Gilbert has made extensive use of primary sources -- personal interviews and previously unpublished eyewitness documents -- to reconstruct not only the horrors that befell the Jews of Europe during the war, but the ominous years of the 1930s that built up to the implementation of the ``final solution.''

A distinctive feature of this book is the degree to which Gilbert is able to fuse the approach of the objective historian with that of the subjective witness. The anguish of the witness can be heard in his own words, yet it is clarified and focused by the historical narrative.

Historians, trying to maintain objectivity, take pains to discount the natural human tendency to exaggerate. Yet in dealing with the Holocaust, witnesses and historians alike have often resorted to understatement, baldly setting forth the bare facts to speak for themselves. When events beggar description, description may seem not merely superfluous, but inadequate. Ironically, when the mass killings were going on in the death camps, there were many, like some of the Jews in Poland's Lodz Ghetto, who, even after the hardships and brutality they had experienced, were still unable to believe the horrifying stories that filtered back from places like Auschwitz, Bergen-Belsen, Majdanek, Chelmno, Dachau, Sobibor, and Treblinka.

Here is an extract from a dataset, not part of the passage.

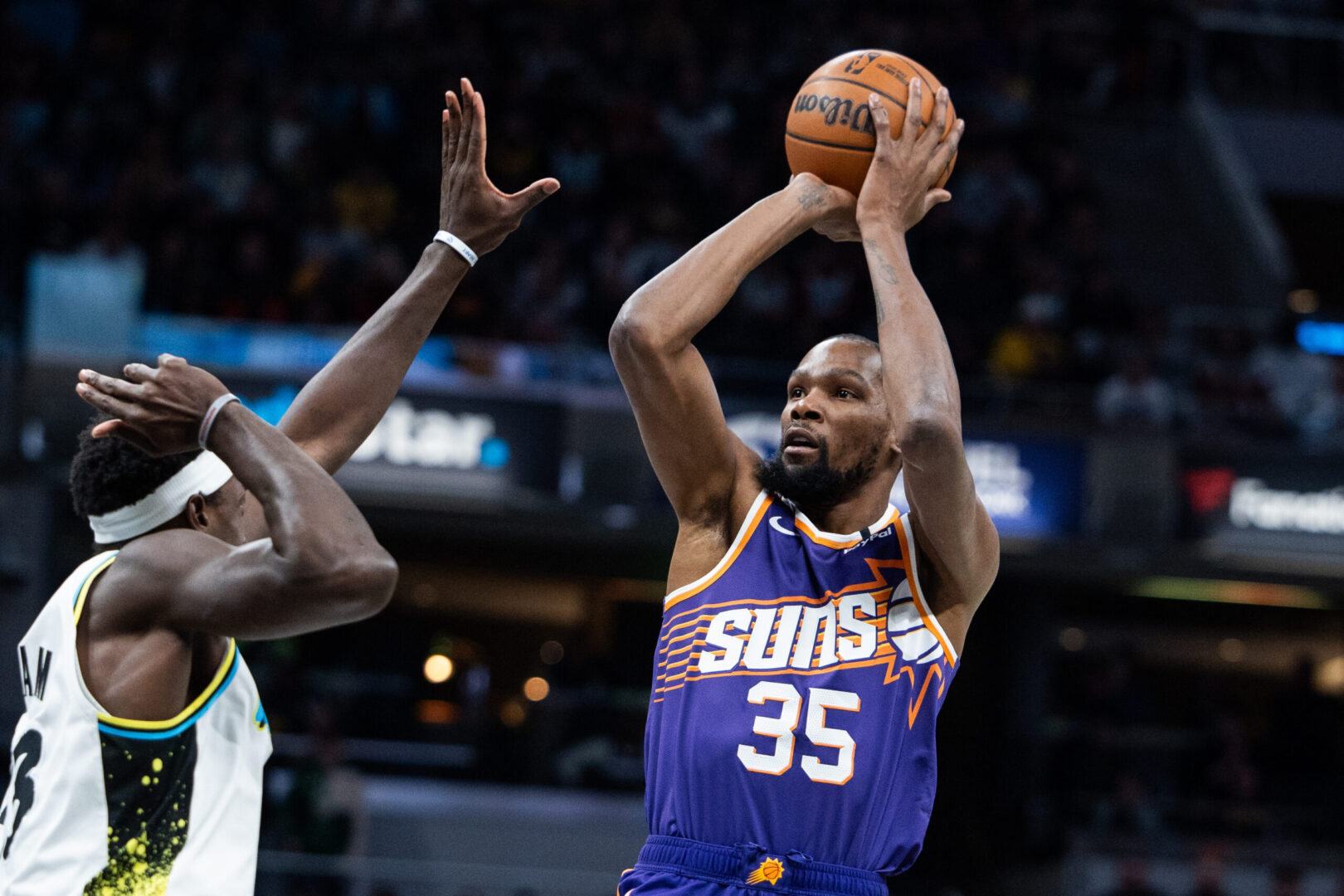 Jan 4, 2025; Indianapolis, Indiana, USA; Phoenix Suns forward Kevin Durant (35) shoots the ball against Indiana Pacers forward Pascal Siakam (43) in the first half at Gainbridge Fieldhouse. Mandatory Credit: Trevor Ruszkowski-Imagn Images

In Raul Hilberg's pioneering history, ``The Destruction of the European Jews,'' there is a documentary quality -- strictly factual, deliberately unemotional. More oddly, in the brilliant, controversial work of Hannah Arendt, we may observe an attempt to back away from the immediate horror of the events in favor of abstracting from them a model of the totalitarian system. But, more recently, historians like Martin Gilbert and Lucy S. Dawidowicz have shown a greater willingness to come to grips with some of the emotional implications of the subject. And from this book in particular, it is possible to gain a sense of how utterly fathomless the powers of evil must have seemed in those dark years: the relentless ingenuity of those who practiced it and the chilling indifference of so many who did not.